***** MATERIAL SHOWN *****

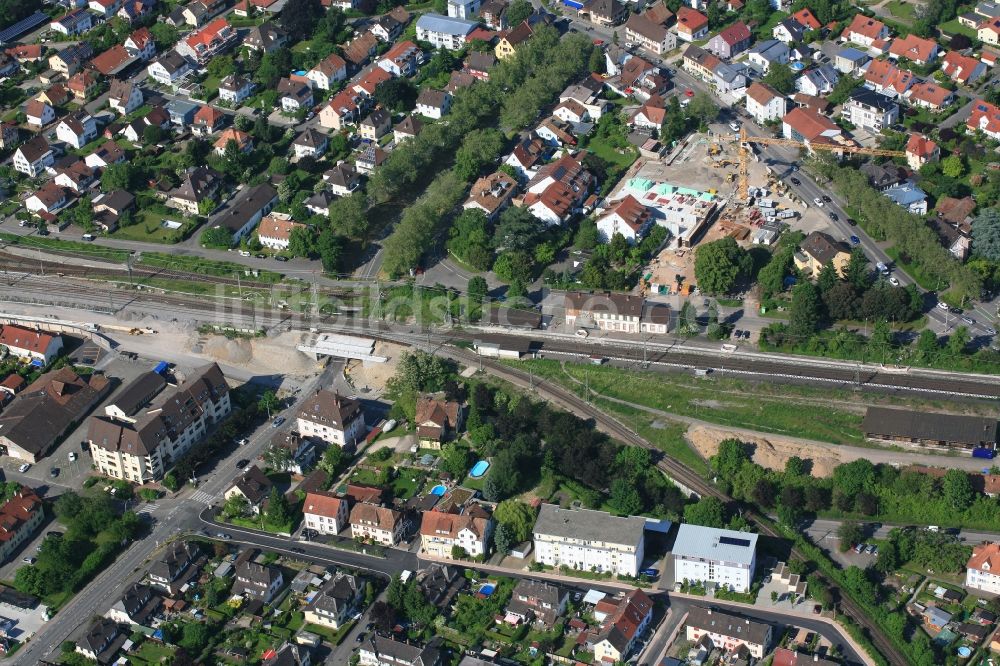 Weil am Rhein aus der Vogelperspektive: Baustelle zum Neubau des Bahn- Brückenbauwerkes im Ortsteil Haltingen von Weil am Rhein im Bundesland Baden-Württemberg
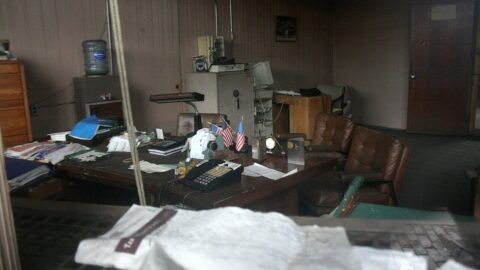 Deserted office in an abandoned factory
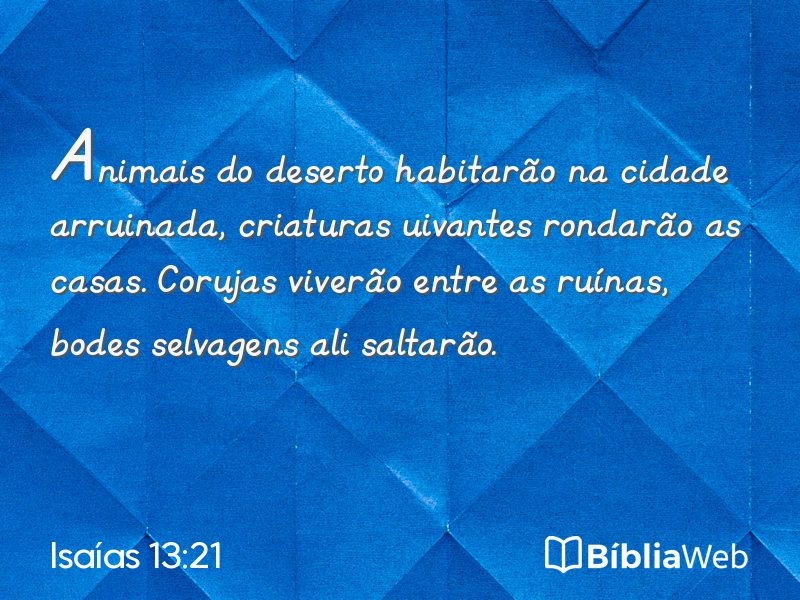Isaías 13:21 em imagem para compartilhar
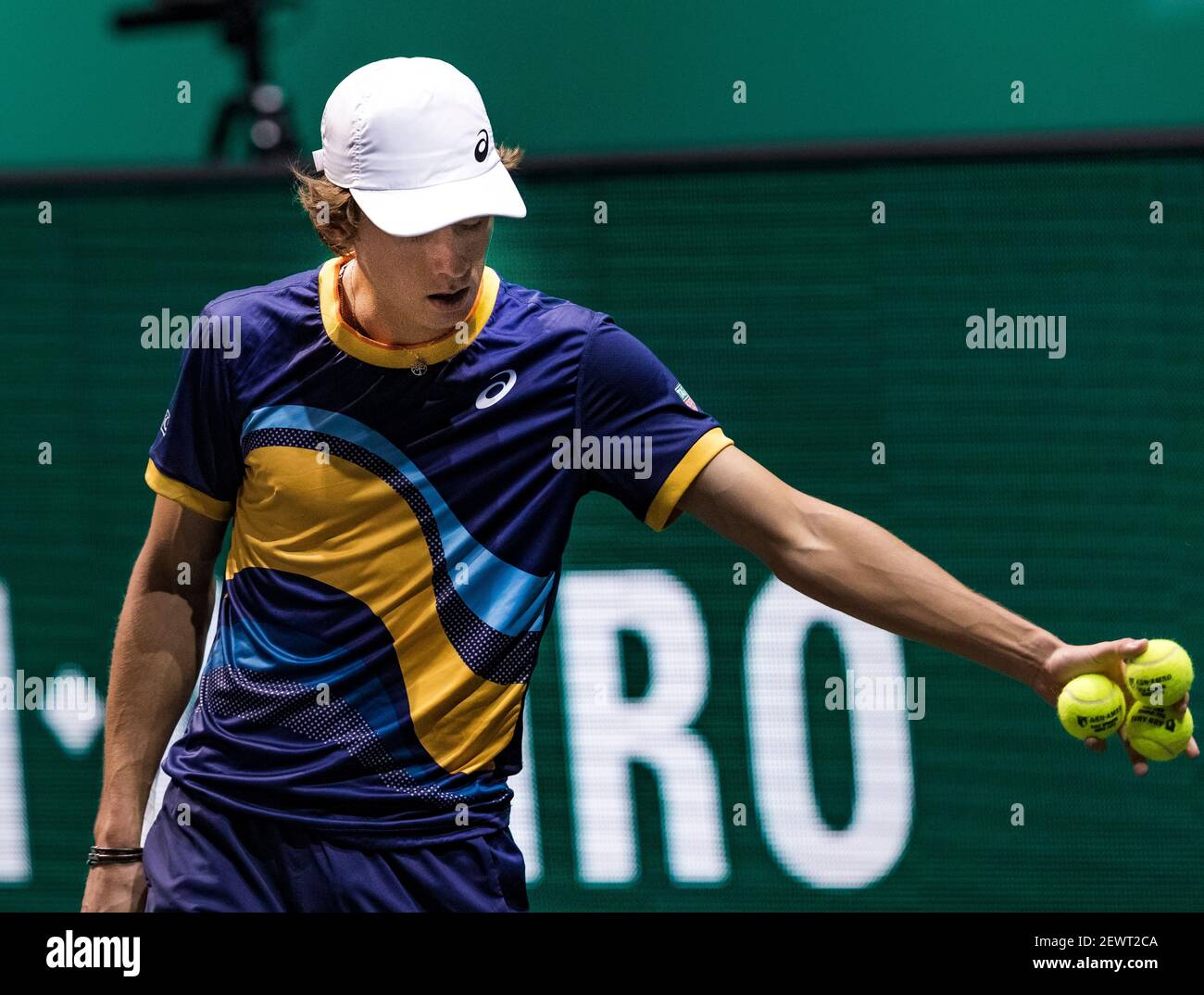 Rotterdam, Niederlande, 3. märz 2021, ABNAMRO World Tennis Tournament, Ahoy, Erstrundenspiel: Alex De Minaur (AUS).Foto: www.tennisimages.com/henkkoster Stockfoto
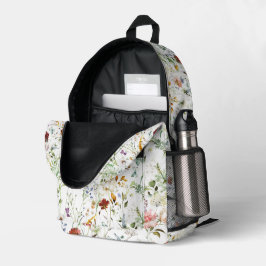 Mochila Impresa Boho Wildflower Acuarela Primavera Flor
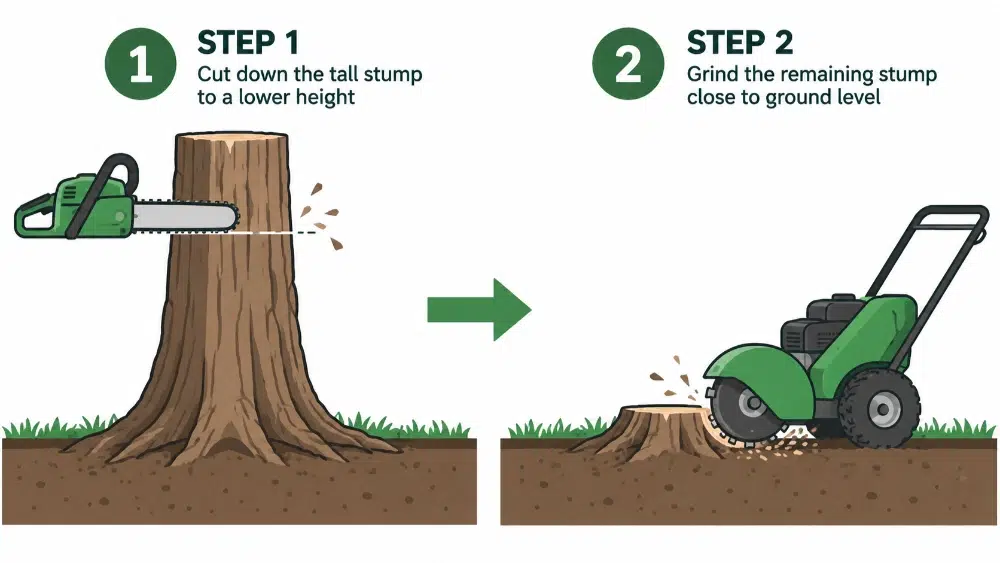 Stump Grinding Techniques: 12 Methods Arborists Use + Images 4 Elevated Stump Grinding stump grinding techniques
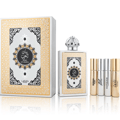 Lattafa Pride King of Arabia by Lattafa Pride 100ml EDP — A boxed set featuring a large perfume box and a perfume bottle with a crown cap, alongside five small rollerball perfume bottles.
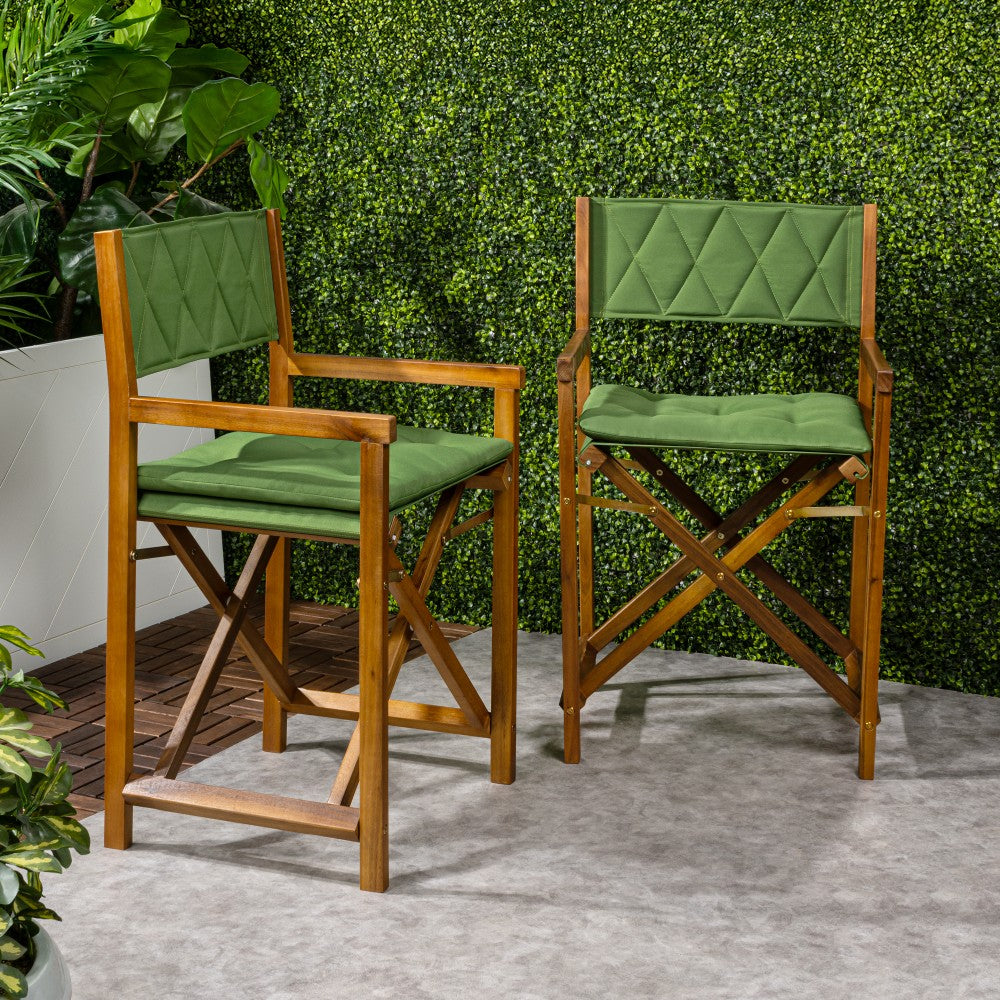 Patio Classic Mid-Century Outdoor Acacia Wood Foldable Diamond-Quilted Back Director Chair with Cushion Set 2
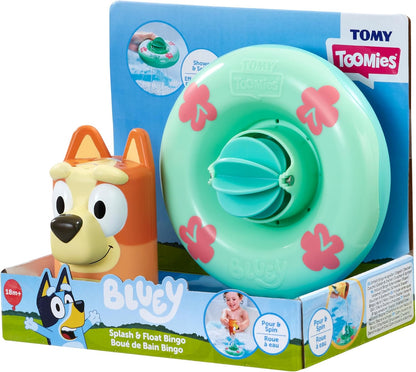 Toomies Bluey Splash and Float Bingo - Bath Toy Pourer Cup with Shower Holes and Water Wheel Toy Pool Ring- Sensory Water Toys - Officially Licensed Bluey Toys - Baby Bath Toys for +18 Months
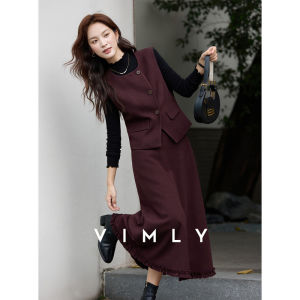 Vimly | Bộ Váy Xếp Ly Màu Đỏ Phong Cách Retro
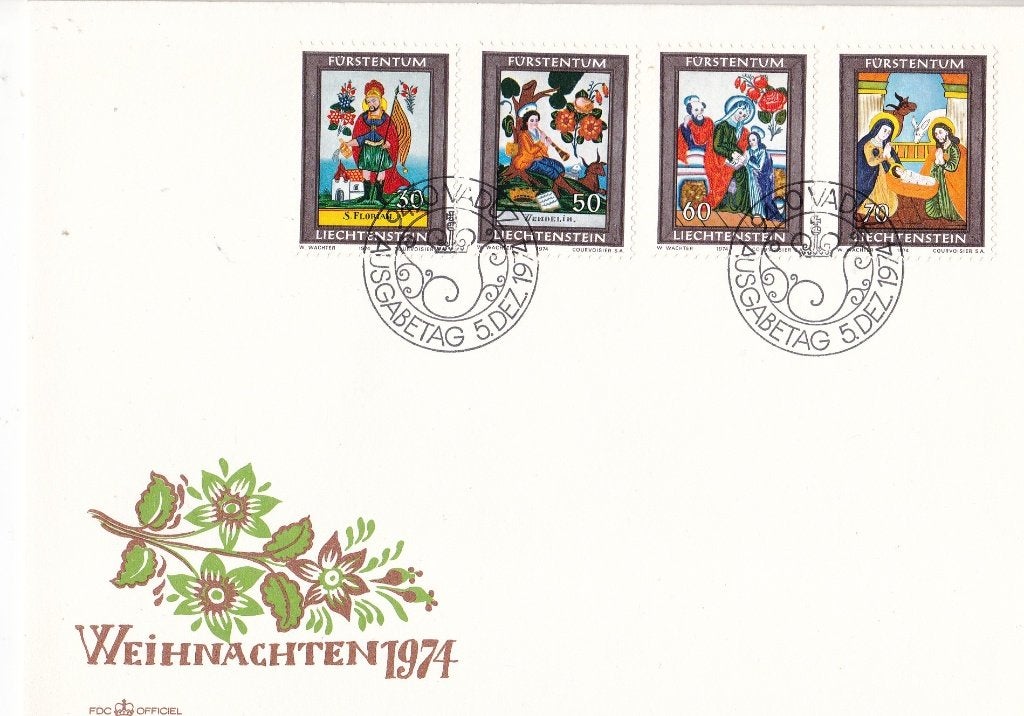 Liechtenstein FDC – Weihnachten: Hinterglasmalerei -M616-619, Postzegels en Munten, Postzegels | Eerstedagenveloppen, Verzenden
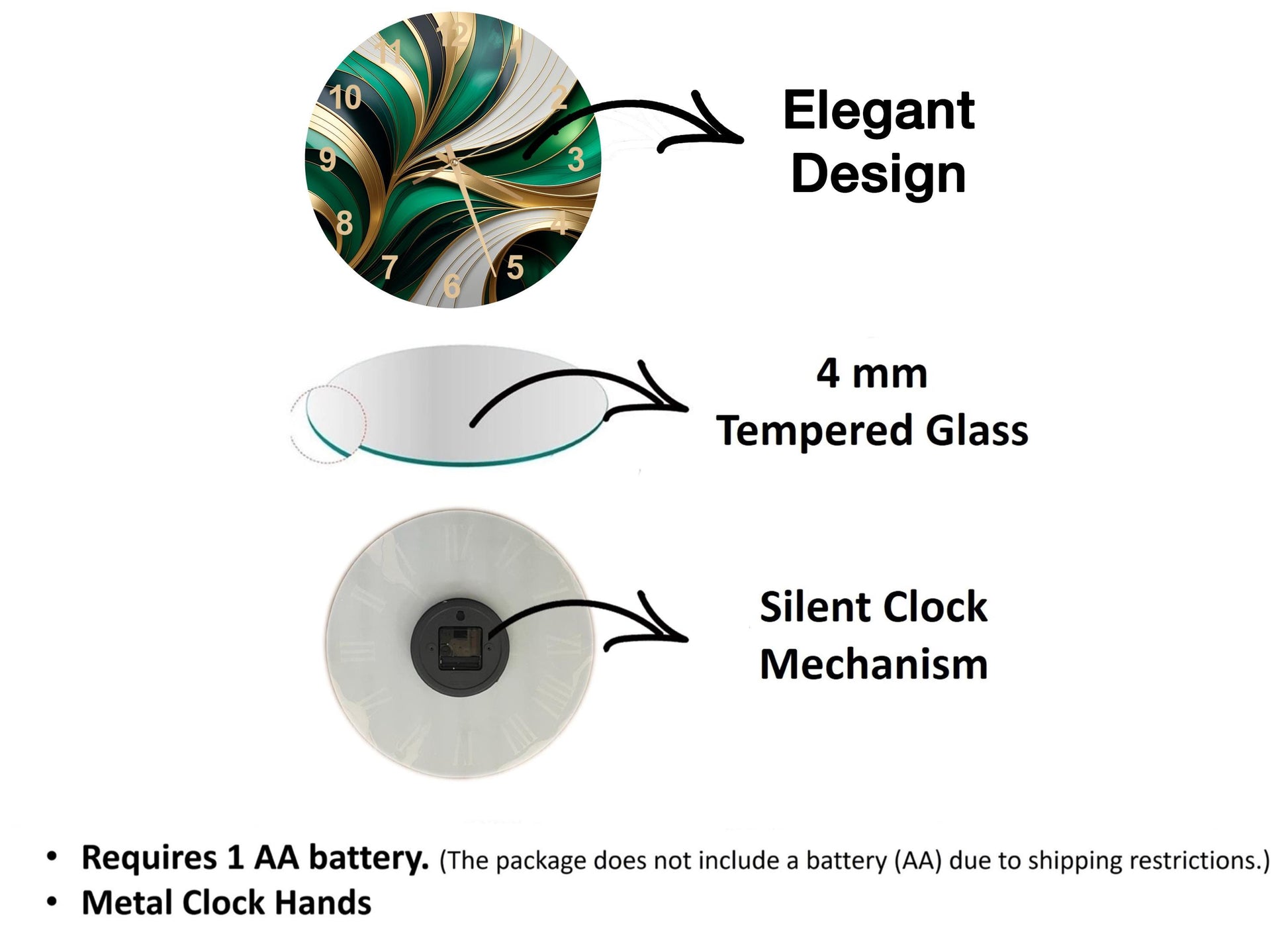 The image is a diagram that illustrates the features of a clock, including its design, size, and mechanism. It shows a 4 mm Tempered Glass clock face, a silent clock mechanism, and a metal clock hand. The diagram also includes text that explains the features of the clock, such as the requirement of a 1 AA battery and the absence of a battery (AA) due to shipping restrictions.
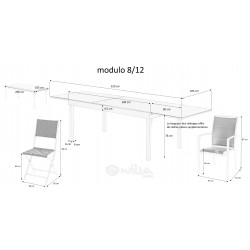 Table de jardin Modulo T 8/12 Full Verre Noir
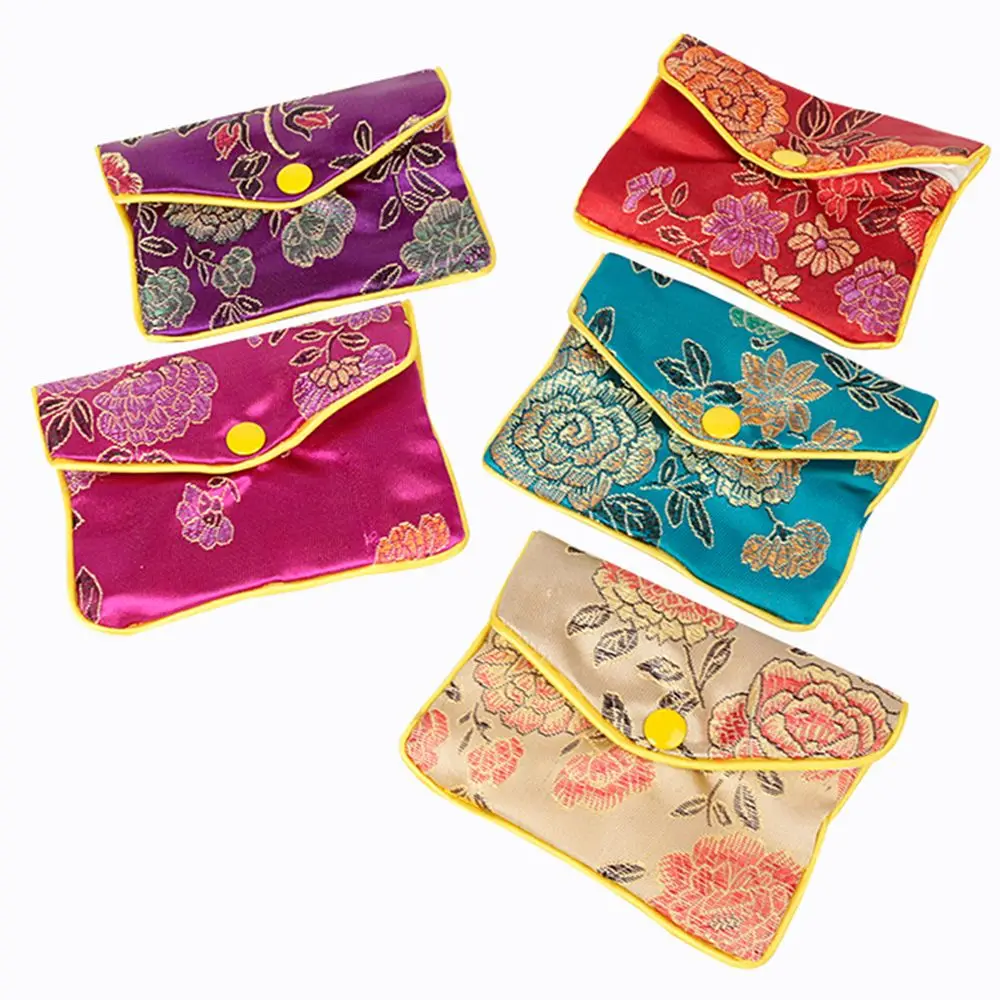 Beads Bracelace Silk Embroidery Brocade Handmade Chinese Floral Zipper Snap Wallet Handbags Jewelery Storage Jewelery Bag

*****

> **TASK DETAILS**
Your task is to return the lines above, from the first one up to and including the line containing "Toomies Bluey Splash", minus any pictures.

> **TASK RESPONSE**
 Weil am Rhein aus der Vogelperspektive: Baustelle zum Neubau des Bahn- Brückenbauwerkes im Ortsteil Haltingen von Weil am Rhein im Bundesland Baden-Württemberg
 Deserted office in an abandoned factory
Isaías 13:21 em imagem para compartilhar
 Rotterdam, Niederlande, 3. märz 2021, ABNAMRO World Tennis Tournament, Ahoy, Erstrundenspiel: Alex De Minaur (AUS).Foto: www.tennisimages.com/henkkoster Stockfoto
 Mochila Impresa Boho Wildflower Acuarela Primavera Flor
 Stump Grinding Techniques: 12 Methods Arborists Use + Images 4 Elevated Stump Grinding stump grinding techniques
 Lattafa Pride King of Arabia by Lattafa Pride 100ml EDP — A boxed set featuring a large perfume box and a perfume bottle with a crown cap, alongside five small rollerball perfume bottles.
 Patio Classic Mid-Century Outdoor Acacia Wood Foldable Diamond-Quilted Back Director Chair with Cushion Set 2
 Toomies Bluey Splash and Float Bingo - Bath Toy Pourer Cup with Shower Holes and Water Wheel Toy Pool Ring- Sensory Water Toys - Officially Licensed Bluey Toys - Baby Bath Toys for +18 Months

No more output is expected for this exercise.